- Faith & Family
What is a healthy Black family?
According to Dr. R.B. Holmes, Jr., it is “a family that stays positive in the midst of challenges and crisis and a family that never gives up regardless of struggles and setbacks.”
And to Holmes, the founder and president of the National Save the Family Now Movement, Inc., such families are in short supply.
To help increase their numbers and strengthen already healthy families, the national movement is hosting a “Celebration of Marriage/Family conference” in Eatonville, Nov. 17th-19th. The conference will be held in conjunction with the NNPA Region Two Conference.
Since the Save the Family Now Movement, Inc. was founded, the organization has held a several rallies and marches across the country.
“The whole idea is that we will go around the country and have a celebration of family and marriages,” Holmes said.

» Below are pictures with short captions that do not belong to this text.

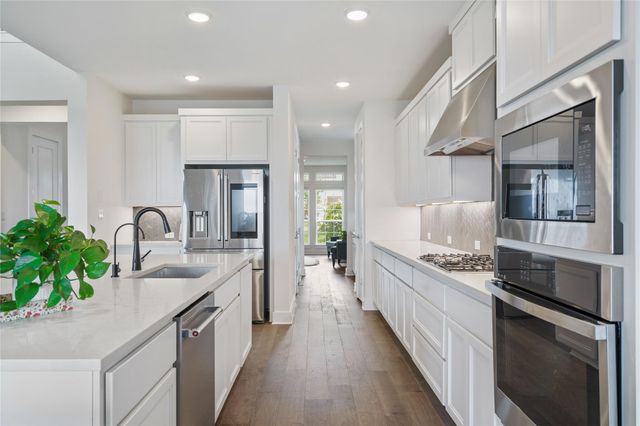 2717 Painted Sky BND, Leander, TX 78641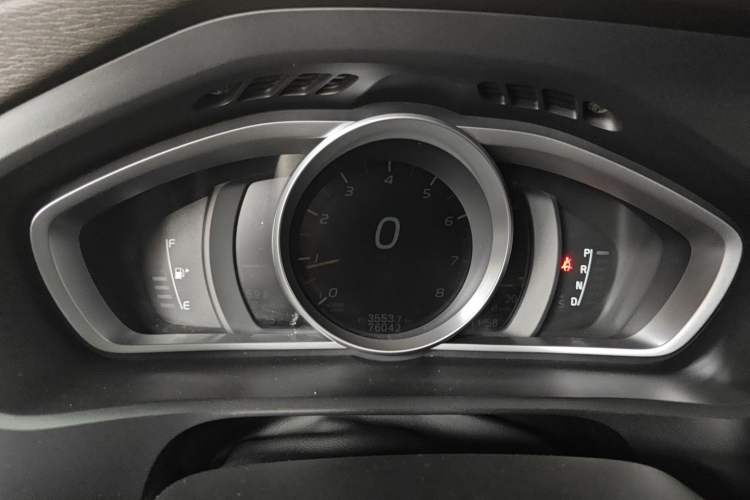 Used Volvo V40 2015 1.6T Zhiyi Edition
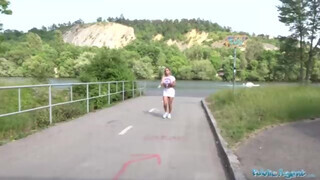 Public Agent - Hatalmas kannás formás seggű csaj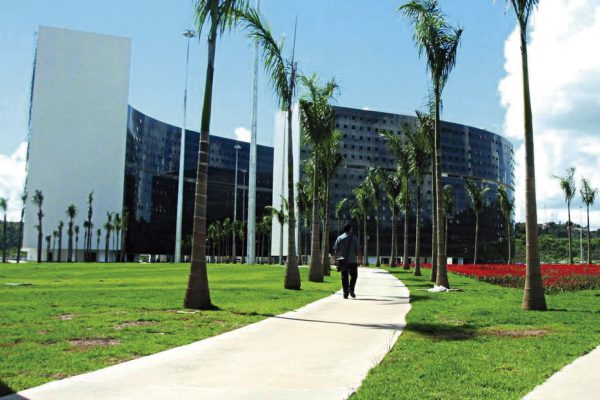 Parcelamento de salários de funcionalismo público estadual seguirá por tempo indeterminado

Eatonville seemed an ideal place for the organization’s next event. With approximately 2,800 residents, the 124-year-old town is the oldest incorporated Black municipality in the country.
“Our forefathers built this community with family in mind, so I thought that [the Celebration of Marriage/Family conference] was a great fit for the community,” said Eatonville’s Mayor Bruce Mount.
Holmes has reached out to several local ministers, politicians and to the students and faculty of Florida’s Historical Black Colleges and University and invited them to attend. The conference will include seminars on family education, HIV/AIDS awareness, networking and strategies on increasing the revenue for Black press outlets. But beyond such educational sessions, the conference also will feature special family and empowerment luncheons and dinners honoring long-time married couples and community leaders. The National Save the Family Now Movement, Inc. will also honor presidents of Florida’s HCBUs and providing scholarships for students at Bethune-Cookman University, Florida A&M University, Florida Memorial University and Edward Waters College.
Finally, the three-day conference will culminate in a parade through the 1.5-mile municipality on Saturday, Nov. 19th, where local faith leaders are invited to speak.
The inclusion and recognition of members of the press, HBCUs and churches are no accident.
“These institutions have been instrumental in the survival of Black families and we just believe that you cannot strengthen the family if we do not aid [them],” he explained.
According to Holmes, HBCUs provide education and empowerment, churches have been the cornerstone of Blacks’ morality and spirituality and the Black press has been able to show the positive side of Black life.